I would like to share with this short piece a concern that several of us in academia in Cairo have been facing with the impact of the Arab Spring, to point to some frustrations regarding the continuing unequal academic relationship between so-called “local” and Western experts of the Middle East, between broadly speaking the North and the South (although this classification is clearly clichéd), and the reshuffling of the international division of labour in the academic field whereby inequality is and will still be prevailing.

Without sounding xenophobic, which is a growing concern that personally worries me more than ever, there is much to say about the ongoing international academic division of labour whereby the divide between the so called “theoreticians” of the North and the “informants” who are also “objects of study” in the South continues to grow.

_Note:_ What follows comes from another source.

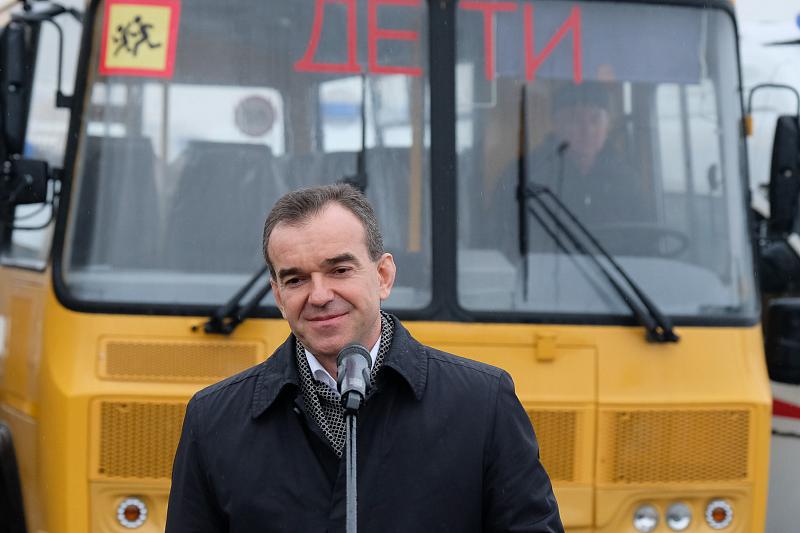 Ключи от новых автомобилей представителям муниципалитетов передал губернатор Вениамин Кондратьев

I am indeed speaking of frustrations because “we” as “locals” have been experiencing a situation, time and again, of being reduced to becoming at best “service providers” for visiting scholars, a term I borrowed from my colleague, political scientist Emad Shahin, at worst like the French would put it, as the “indigène de service”, for ironically the right cause of the revolution. To rather cater for the service of our Western expert colleagues who typically make out of no more than a week's stay in Cairo, a few shots and a tour around Tahrir, the ticket to tag themselves with the legitimacy and expertise of first hand knowledge.

It is no secret that the Arab revolutions have revived academic interest in the region in a clearly positive manner. This is to be certainly welcomed because it has marked a new phase that will possibly end the dreadful misdoings of the 9/11 effect. It is certainly a promising new phase that will hopefully be unmaking the evil damage of Bin Laden.

But for the local community of academics, in particular what concerns my colleagues at the American University in Cairo, many of us have come up recently with similar observations. Namely the bewilderment at the lavish grants and scholarships that many of our Western colleagues have recently benefited from to research our beloved revolution. Many of us have been bombarded by emails from Western colleagues for such service providing.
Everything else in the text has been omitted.